The Hon’ble High Court of Delhi vide its order dated 31.07.2023 in the matter of M/s Vikas Enterprises Vs. Commissioner of Central Tax (GST), Delhi North & Anr. in W.P. (C) 9495/2023 & C.M. Appl. 36293/2023, set aside the communication directing the attachment of bank accounts of the assessee, finding the same in violation of provisions of Section 83.  It was found that only Commissioner is empowered to pass any order under Section 83 of the Act if he is of the view that it is necessary to pass such an order for protecting the interest of Revenue, and not any Officer.

The Petitioner filed the writ petition before the Hon’ble High Court challenging the communication dated 25.03.2022, issued by Respondent No. 2 [Superintendent (Anti-evasion) Group 1] to the Branch Manager, State Bank of India, Indraparstha Building, Vikas Marg, Lakshmi Nagar, Delhi, calling upon the bank to furnish certain documents pertaining to the petitioner.  The said communication also directed the bank not to permit any debit from the petitioner’s bank account maintained with the said bank without prior permission of the Department.

It was submitted on the behalf of the Petitioner that the bank account freezed by respondent no. 2 is a cash credit account, therefore, the petitioner was unable to effectively operate the same.  Further, the petitioner filed its objections in terms of the Rule 159(5) of the Central Goods and Services Tax Rules, 2017, assuming that the impugned communication was passed under Section 83 of the CGST Act.  However, the said objections were not considered and admittedly, the respondents did not furnish any response to the said application.

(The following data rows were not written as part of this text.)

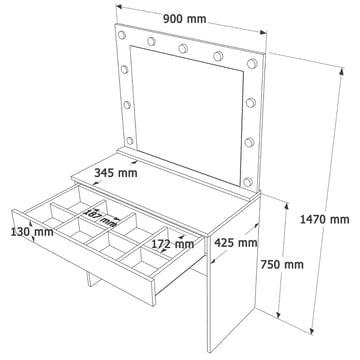 Sminkebord Hanah Home Monaire (80 x 147 x 42,5 cm) Hvit - Hvit - Møbler - Bord - Sminkebord & toalettbord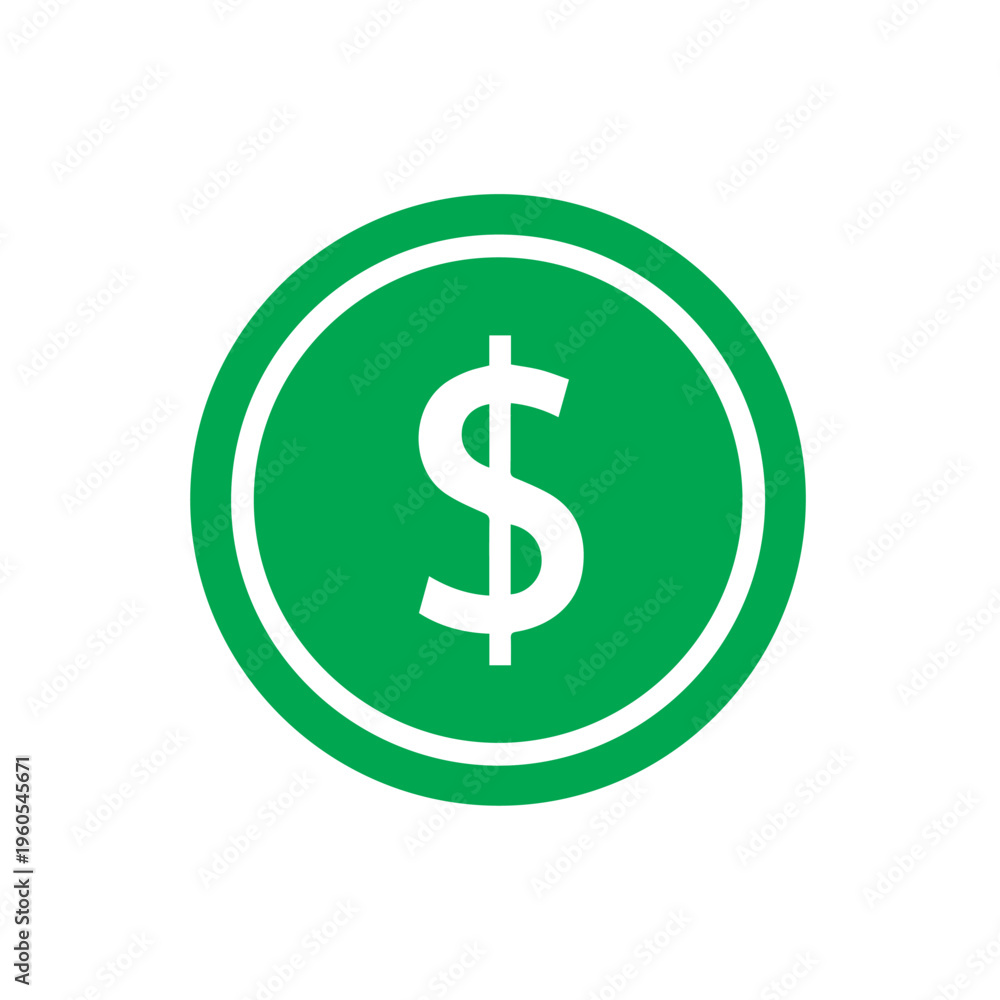 Fototapeta premium A simple green coin icon featuring a white dollar sign symbol centered against a plain background.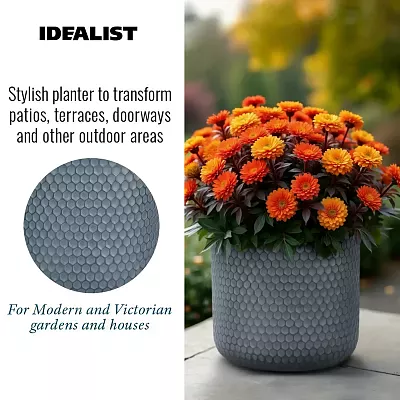 IDEALIST Lite Honeycomb Style Cylinder Round Outdoor Planter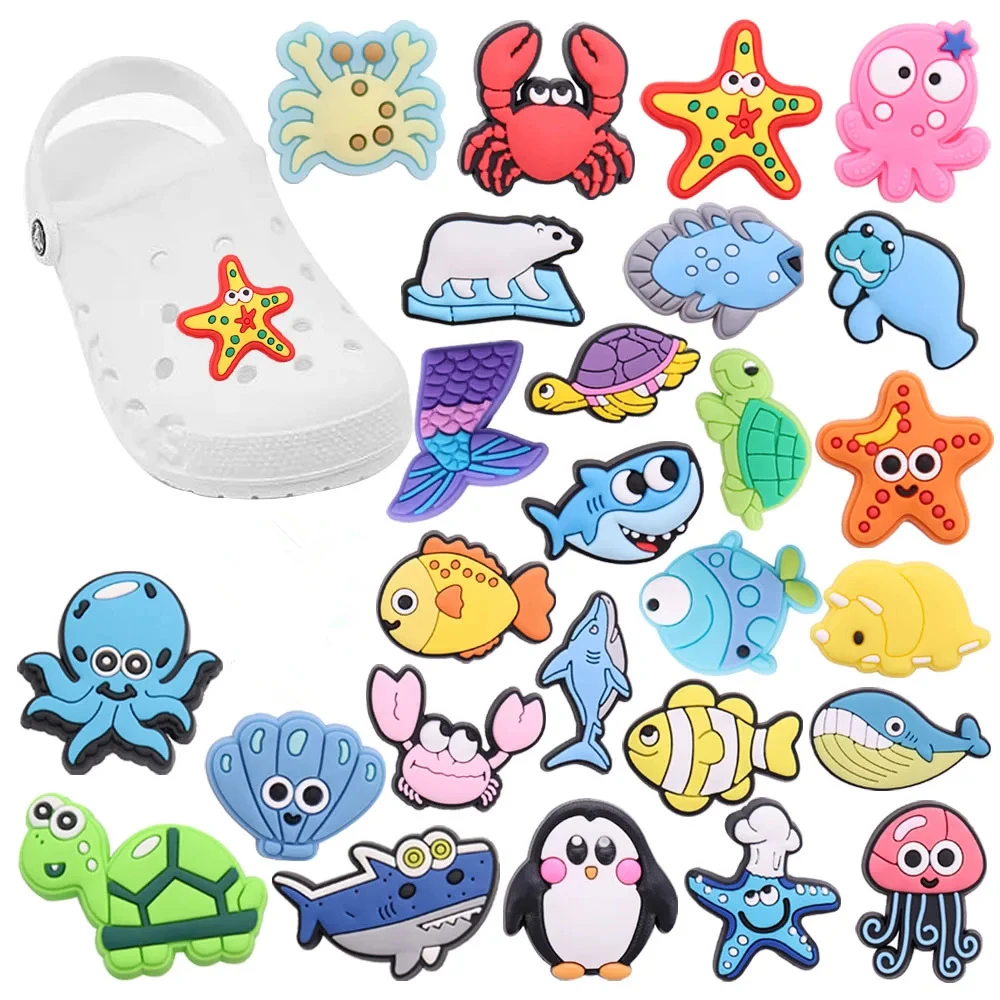 Hot Sales 1Pcs PVC Fish Crab Starfish Penguin Shark Shoe Buckle Charms for Decorations Fit Bracelet Holiday Present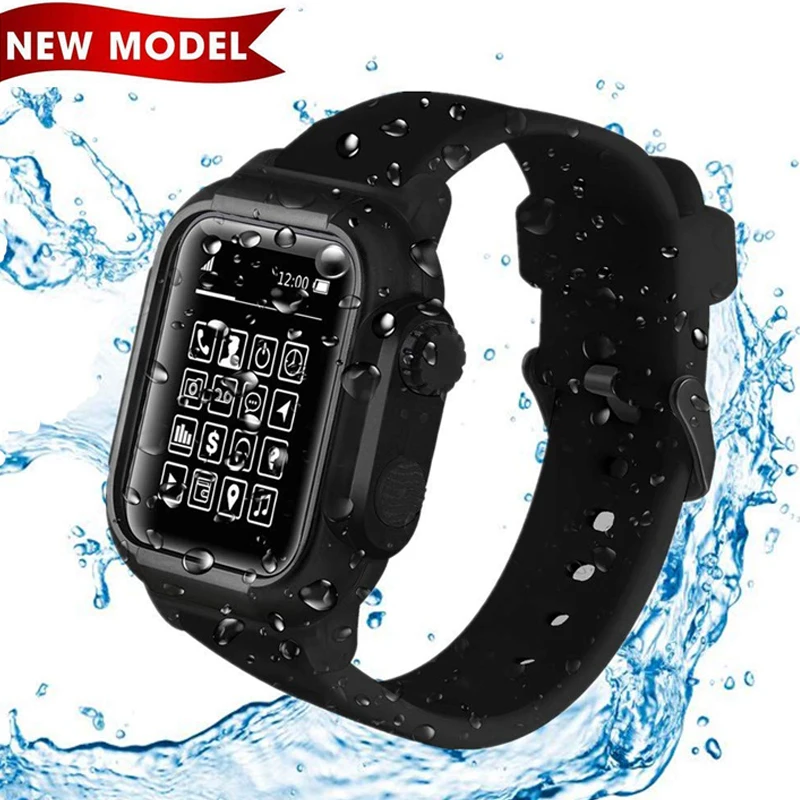 

Waterproof Shock Proof Impact Resistant Case for apple watch 44mm Series 4/5 Soft Silicone Band For iWatch 2 3 42mm Sports Strap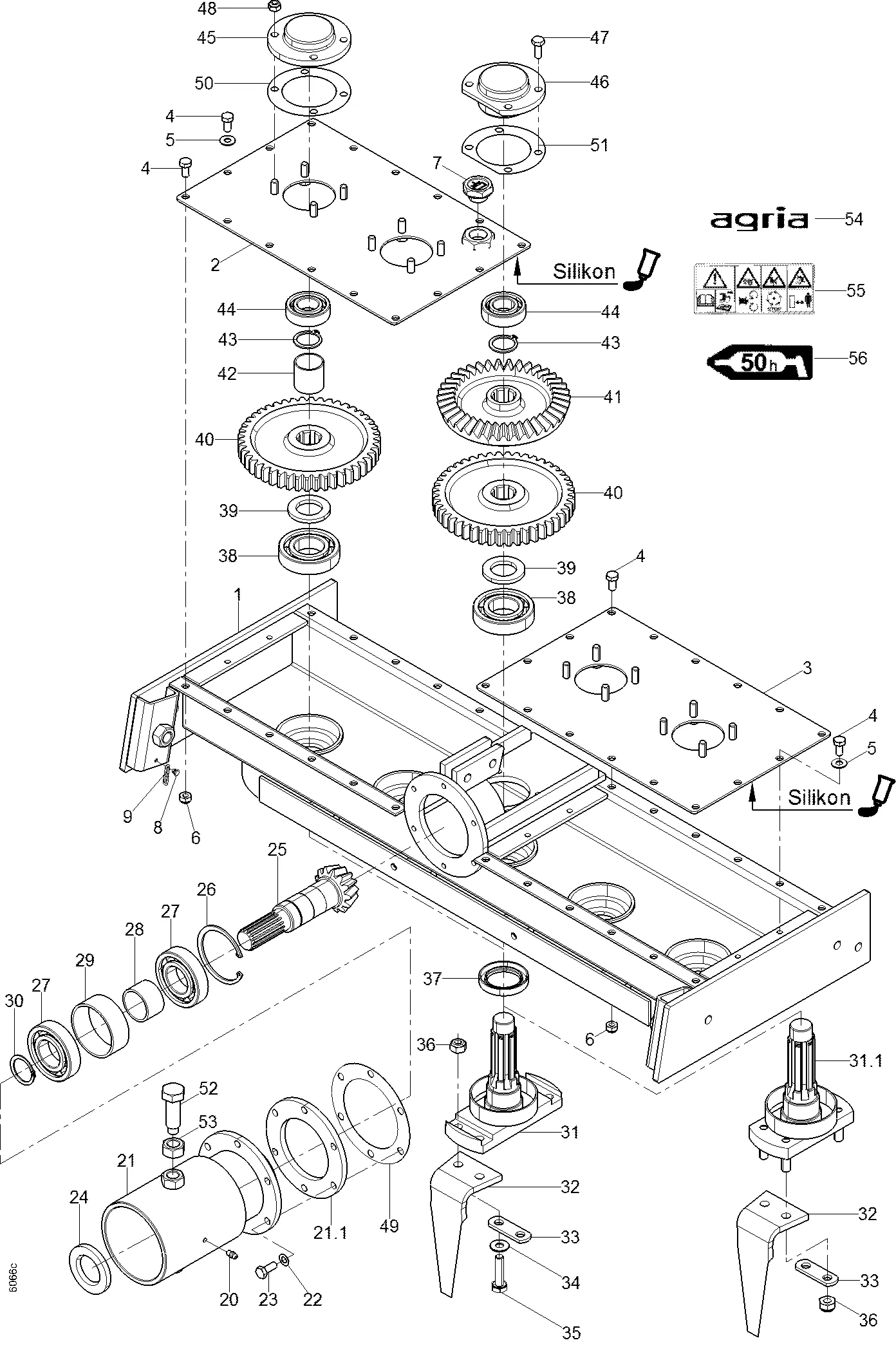 Herse rotative, transmission, dents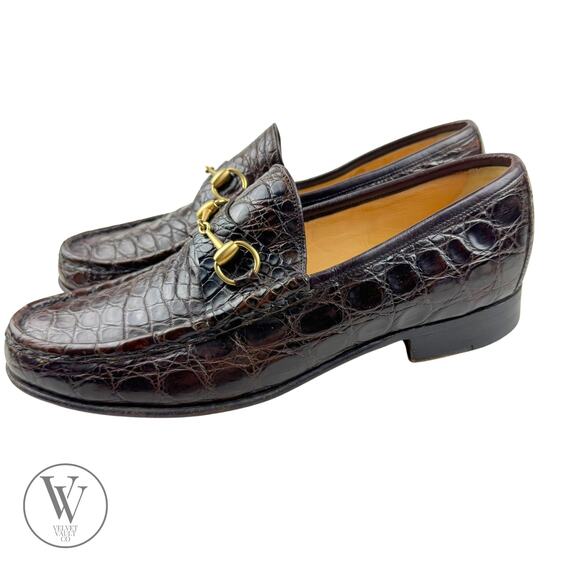 GUCCI Brown Crocodile Leather Horsebit Loafer Mens 11 ITALY - Picture 4 of 10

On the other hand, it was submitted on the behalf of the Respondents that the order freezing the petitioner’s bank account would cease to be operative since a period of one year has since elapsed.

Held: –

  • The Hon’ble Court after considering the submissions made and facts of the case, found that the respondents are unable to point out any provision under the Central Goods and Services Tax Act, 2017, permitting respondent no. 2 to issue such a communication directing the Bank to freeze the bank account.
  • On the behalf of the respondents, reference was made to Section 83 of the Act, which empowers to Commissioner to issue an order for provisional attachment of assets including bank accounts. However, an order of provisional attachment of assets under Section 83 of the CGST Act can be issued only if the Commissioner is of the view that it is necessary to protect the interest of the Revenue. And, admittedly, in the present case, the Commissioner has not issued any such order.
  • Further, it was found by the Hon’ble Court referring the decision of Hon’ble Supreme Court in Radha Krishan Industries v. State of Himachal Pradesh & Ors. (2021) 6 SCC 771, that it is well settled that the orders of provisional attachment of bank accounts or other assets of a tax payer has a serious adverse effect on the business of the tax payer. It was observed by the Hon’ble Supreme Court that such drastic powers must be exercised only where it is necessary as it has wide adverse ramifications.  Further, this Court in number of decisions held that the power under Section 83 of the CGST Act can be exercised only subject to the conditions, as specified therein, being fully satisfied.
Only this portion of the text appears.